How to Evaluate a Great Chinese RestaurantNovember 25, 2008
Beloved wife of mine (and newly skinny at that) loves Chinese food. We have eaten good Chinese, bad Chinese, outrageous Chinese, make-you-sick Chinese and unbelievable Chinese. We have eaten Chinese in Canada, U.S., France, Virgin Islands, Hong Kong, Guangzhou, China, Philippines, Vancouver and San Francisco. We have eaten in Chinese places where no menus were in English and no one spoke any English. I have eaten 60 won-ton soup for 3 hours with my brother-in-law Glen, and had hot oil on duck that almost caused me to pass out by the heat.
To quote Monty Python, “I like Chinese”.
So, in honor of my semi-annual pilgrimage into San Francisco to eat and shop, here are my six tips for choosing a great Chinese Restaurant.
1. The Clientele: Are they mostly Chinese? If they are, you are in the right place. This would be true of almost any expatriate cuisine anywhere in the world, but never more so than with Japanese and Chinese food. Food preparation and tastes are art forms in Asian countries (much more so than here) and they know what makes good food according to their standards. The Expat Chinese always pick the best Chinese restaurants.

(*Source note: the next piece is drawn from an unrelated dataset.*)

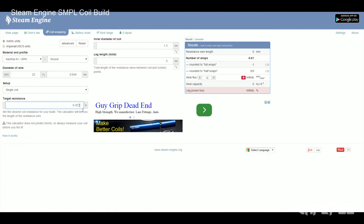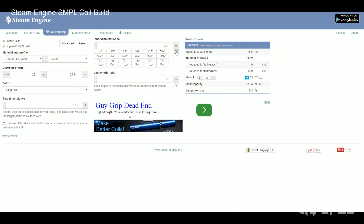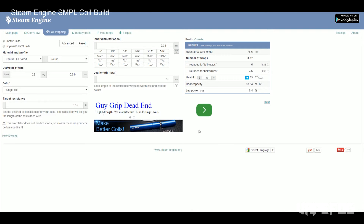You can actually type in the exact resistance that you want. Up here you're going to want to choose the diameter of your coil. I'm going to be wrapping mine on a 3.32 sized bit, so I select that. Now over here you see that it's showing me that if I do six full wraps I will get a 0.33 ohm coil and that's not too bad. If I went rounded to half wraps I would need seven and it would give me 0.36, so I'm going to shoot for the 0.33 — that sounds about right.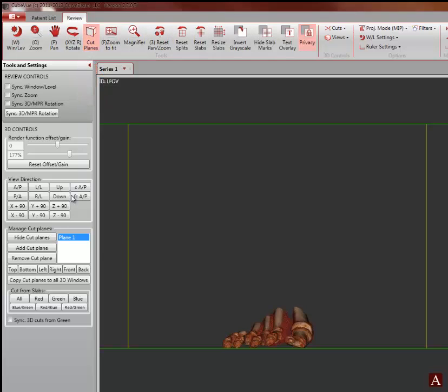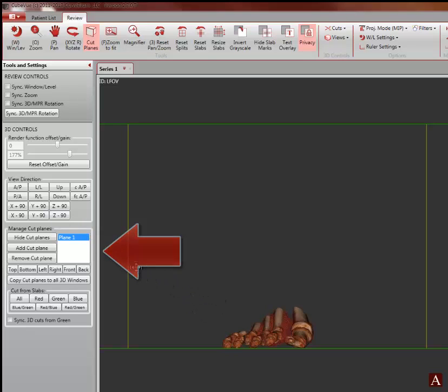Notice this will do two things. It will enable the manage cut planes controls on the toolbar and it will insert a cut plane. The system default is to insert a cut plane in the center of the volume from the back.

2. The Look: If it looks expensive, the food probably is lousy or at least second-rate. I have yet to eat great Chinese food in a place that spends much money on the architectural design. If the waiters and waitresses barely acknowledge you and if you are allowed to sit wherever you want, it probably is a fantastic restaurant. If the waiting staff is about to kill each other, this could be a once-in-a-lifetime find. Just ask the men who went down to House of Nanking last month.
3. The Menu: If there is no emergence of the words “Sweet and Sour” on the menu, it is good Chinese. In Guangzhou, a restauranteur told me that the words “Sweet and Sour” in Chinese translate as “White Men’s Food”. In fact, thick sauces (and MSG) are usually put on Chinese food to cover up the taste of inferior food. Light sauces combined with lots of vegetables in the dish (not overcooked) make the food fantastic.
4. The Chopsticks: Wood only! Yes, I know it is less sanitary, but Chinese food with plastic Chopsticks tastes like wine from a paper cup (or so I have been told). Also, there should be no forks and knives on the tables if it is a good Chinese place.
5. The Tea: They should be serving it as they give you the menu. If you have to ask for it, they don’t know their business. All great Chinese restaurants know that tea is like water when a customer comes in. Tea makes the meal.
6. The Order: If they bring all the dishes at once, they don’t know the palate or their business. They are just trying to get you out the door to serve others. Each dish should be brought in the order that your digestion can take it. I told you, Chinese cooking is an art form and all great cooks know this.
And Craig, you were right…House of Nanking is the best in San Francisco.